### SUPPLIED MATERIAL
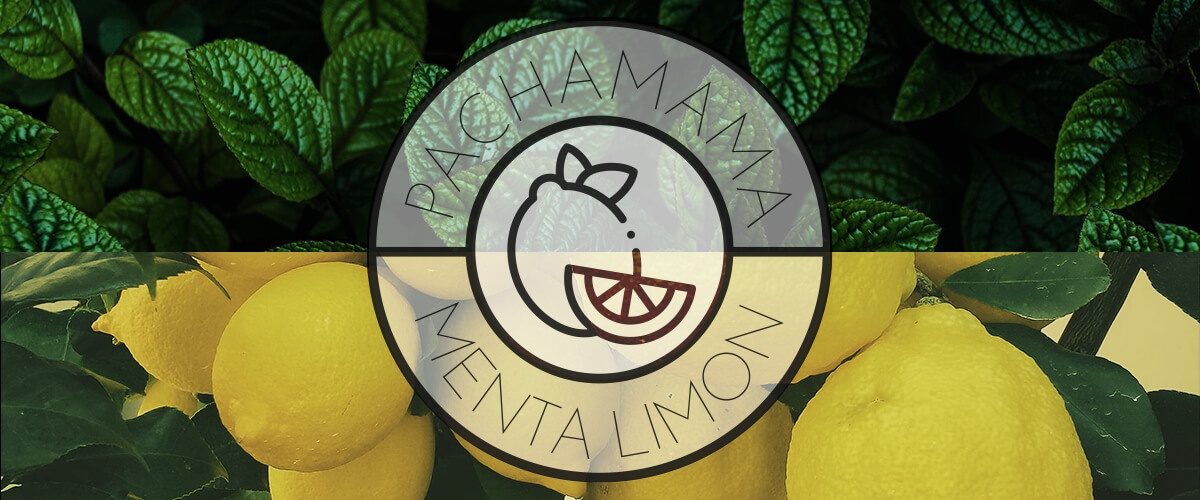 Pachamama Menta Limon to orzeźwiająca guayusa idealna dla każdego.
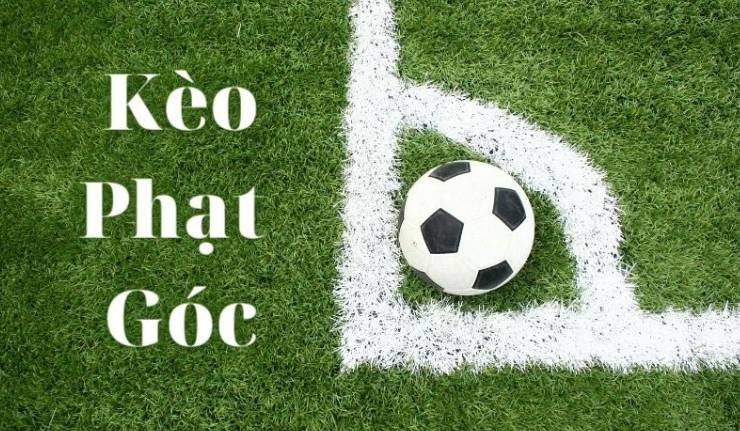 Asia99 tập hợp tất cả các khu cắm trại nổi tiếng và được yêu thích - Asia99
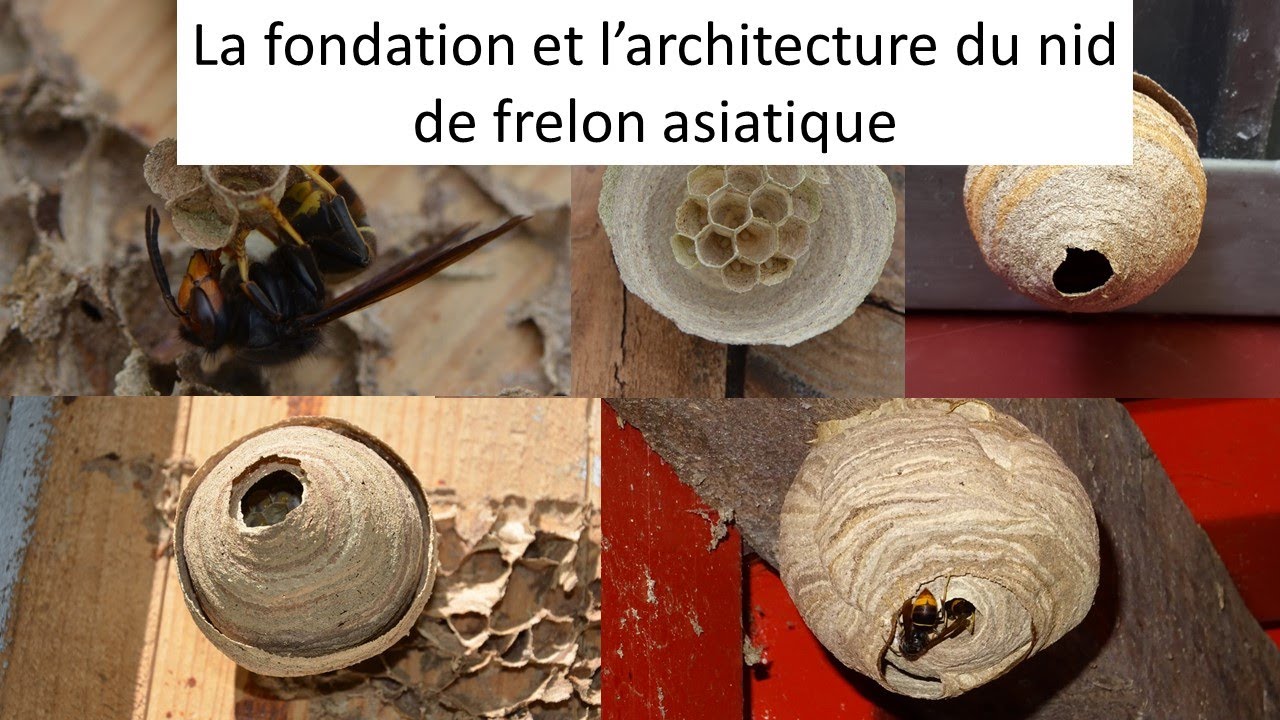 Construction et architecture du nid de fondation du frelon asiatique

### INSTRUCTIONS FOR THE TASK
All of the lines above should be copied exactly, apart from the pictures.

### ANSWER TO THIS PROBLEM
 Pachamama Menta Limon to orzeźwiająca guayusa idealna dla każdego.
 Asia99 tập hợp tất cả các khu cắm trại nổi tiếng và được yêu thích - Asia99
 Construction et architecture du nid de fondation du frelon asiatique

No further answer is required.